Nessa semana, eu estava passeando com a Bia por uma loja de brinquedos, quando nos deparamos com uma prateleira de bonecas. Eram bonequinhas bebê de uns doze centímetros, algumas loiras e outras negras. Uma boneca negra me chamou a atenção por causa da roupa e eu a mostrei para Bia. Tomei um susto com a reação dela. Encolheu a mão numa reação típica de medo. Quis sair de perto da boneca. E não houve quem fizesse ela tocar no brinquedo.

Se fosse com outra pessoa, talvez eu julgasse isso como racismo, mas a questão é que esse não é um assunto tratado na minha casa. Nós não falamos sobre negros. Falamos sobre pessoas. Aqui não tem piadinha. Não tem empregada para levar a culpa. Nós sequer convivemos com negros no nosso círculo mais íntimo para gerar comentários desnecessários (aqui no Ceará isso não é difícil, temos poucos negros). Enfim, a questão da cor da pele das pessoas não é assunto em pauta nesta residência. E eu me dei conta de que é justamente esse o problema.

Eu estava preparada para lidar com a questão da representatividade um dia. Estava preparada para conversar sobre racismo. Sobre a beleza de ser diferente. Só não sabia que seria tão cedo. E que a mídia, de certa forma, afetaria minha filha tão cedo. A Bia tem apenas um ano e nove meses, ela está dando os primeiros passos na comunicação humana. O quanto será que ela já absorveu dessa nossa cultura excludente que ignora a existência do negro? Foi o que eu me perguntei.

Cheguei à conclusão que não apresentar é também uma forma de excluir. No universo que ela conhece de Barbies e bebês loiros, não mostrar a diferença da cor, não discutir a diferença, não deixar evidente a existência das possibilidades é também um erro. Enfim, o contraste é importante na formação de conceitos. E, achando que essa aquisição viria de maneira natural, acabei deixando que ela levasse um choque de realidade.

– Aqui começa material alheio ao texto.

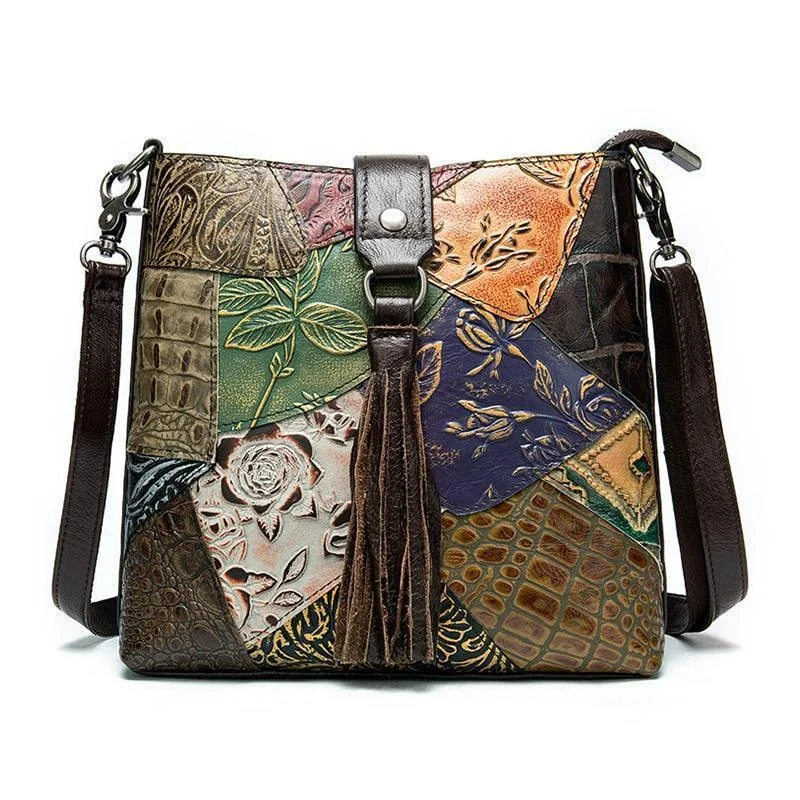 Boho Ethnic Style Genuine Leather Crossbody Bags Premium Quality Bags, Budget Prices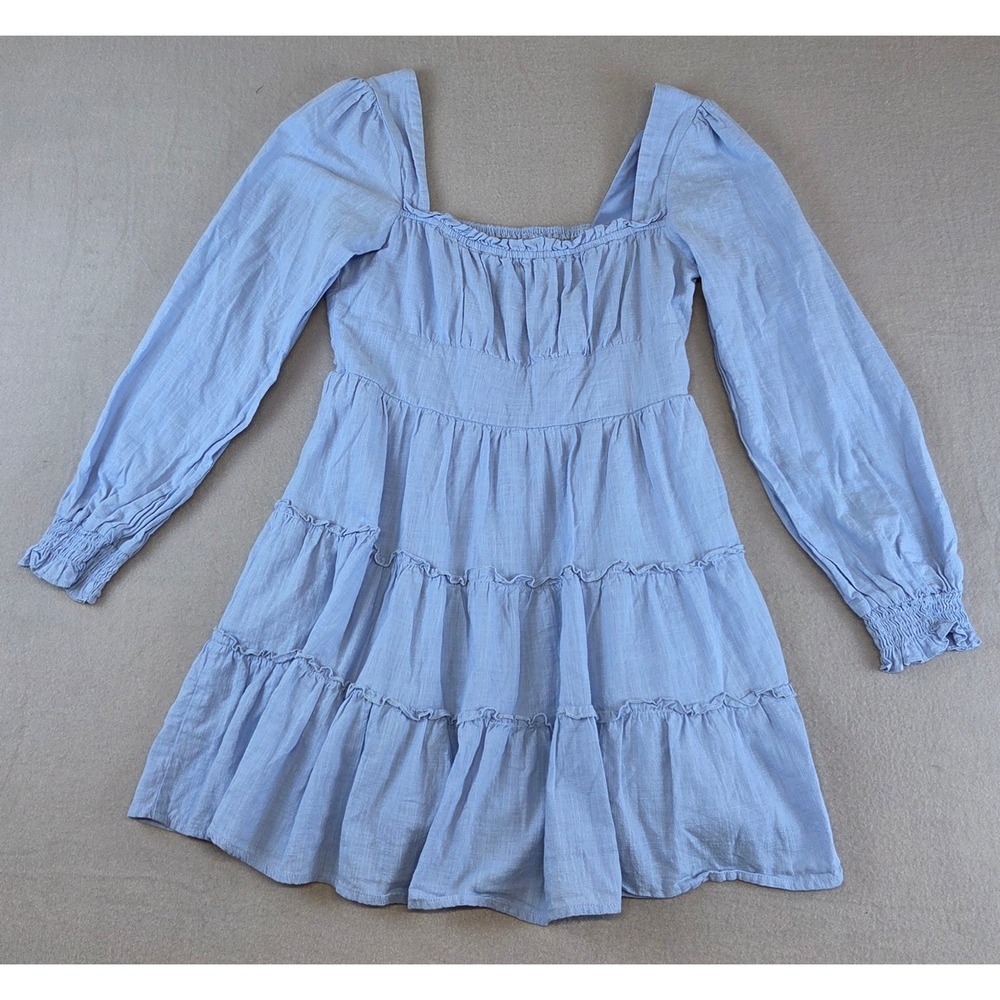 Altar'd State Smocked Tiered Mini Dress Puffed Sleeve Cottagecore Babydoll Large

Não me leve a mal. A Bia tem bonecas negras, mas ela ainda não brinca muito com bonecas, então, algumas ainda estão nas caixas ou nas prateleiras e eu nunca chameia a sua atenção para o assunto. Depois dessa história, essa bonequinha negra aí saiu do baú. A coisa é séria. Do meu ponto de vista, o medo da Bia advém do fato de ela não conhecer pessoas negras, não ver na televisão desenhos de pessoas negras, não ver brinquedos com traços negros. E o estranhamento causa o medo.

Nossa estratégia para enfrentar a ojeriza tem sido brincar com as duas bonecas. Descrever as diferenças. Mostrar as semelhanças. E banalizar a cor da pele, mostrando que existem muitas variações. Bia ainda se mostra arredia, mas já se aproxima da boneca negra e é capaz de alguma interação.

Foi chocante para mim perceber que minha filha tem medo de bonecas negras. Mas aí me dei conta de como devem se sentir as meninas negras num universo onde elas (aparentemente) não existem. Onde não há ideais de beleza negra. Onde o negro representado é o subalterno. O excluído. O pobre. Como construir uma autoestima nesse contexto?

Também me dei conta de que minha função de mãe passa por esse lado da educação também. De mostrar o que ninguém quer mostrar. A diferença. Afinal, o suposto padrão está aí todo dia para ser visto e copiado. Pois não estamos falando de apresentar apenas o negro às crianças. Esse processo de aproximação com a diferença vai precisar acontecer com o cadeirante, com a pessoa com Down, com as religiões com a homossexualidade, enfim, com o universo de possibilidades que a condição humana apresenta. Entendi que, nesse momento, minha filha precisa aprender a perceber a diferença e, no passo seguinte, exercer a tolerância. E quem tem essa obrigação de ensinar somos nós, sua família, pois a sociedade continua apenas repetindo padrões excludentes e tantas vezes imperceptíveis que chegam até nós das mais variadas formas e se entranham na nossa vida sem que sequer tenhamos consciência disso.